I’d like to get something out of the way before I get too deeply into discussing my creation of the Robin outfit.

I have always loved this character… the original Richard Grayson version, I mean. I think he is an integral part of The Batman mythology and a big reason for its success over all these years.

Having said that, I have NEVER liked any of the live-action depictions of Robin done either on TV or in theatrical films. To my mind, he has yet to be performed as he was originally presented in the comic books when he was introduced… as a laughing daredevil boy wonder COUNTERPOINT to The Batman’s deadly seriousness.

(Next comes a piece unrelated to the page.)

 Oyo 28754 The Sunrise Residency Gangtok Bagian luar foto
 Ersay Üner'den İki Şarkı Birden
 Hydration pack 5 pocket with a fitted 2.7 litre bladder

All of the actors have been far too old to portray a 13 year old Boy Wonder. And their portrayals of the character have been way off the mark. Even Burt Ward (back in the 1966 TV series) played a basically high-strung, (borderline) angry youth who was ready to spit venom at every villain in sight. And he was an age-inappropriate 20 years old at the time while wearing those pixie shoes.

It is my firm intention to remedy this matter within my own stage play by portraying Robin not only as The (classic) BOY Wonder that he was always intended to be, but also as the “laughing daredevil” that we have virtually NEVER seen depicted by any other actor.

As I creatively approached the creation of Robin’s costume for this school stage play, I (once again) prescribed a strong faithfulness to the original Robin costume design worn by Richard Grayson mixed with an occasional helping of artistic licence to help it come alive on stage.

As I see it, the purpose of Robin The Boy Wonder is to function as something of a startling distraction for hoods right before The Batman can efficiently take them out. There is something very unsettling and unnerving about a brightly costumed and masked little boy standing (all by himself) in a dark night time alley or rooftop DARING you to pull your gun on him… while he giggles as you. To me, it kind of functions like the creepy little ghost girl seen standing in the hallways of the Overlook Hotel in “The Shining”.

With that in mind, I decided NOT to mute the tones of Robin’s uniform, and to allow them to function in all of their garish, primary-colored glory. I also found myself taking some cues (in terms of textures) from Burt Ward’s 1966 costume which was actually very well- designed and executed.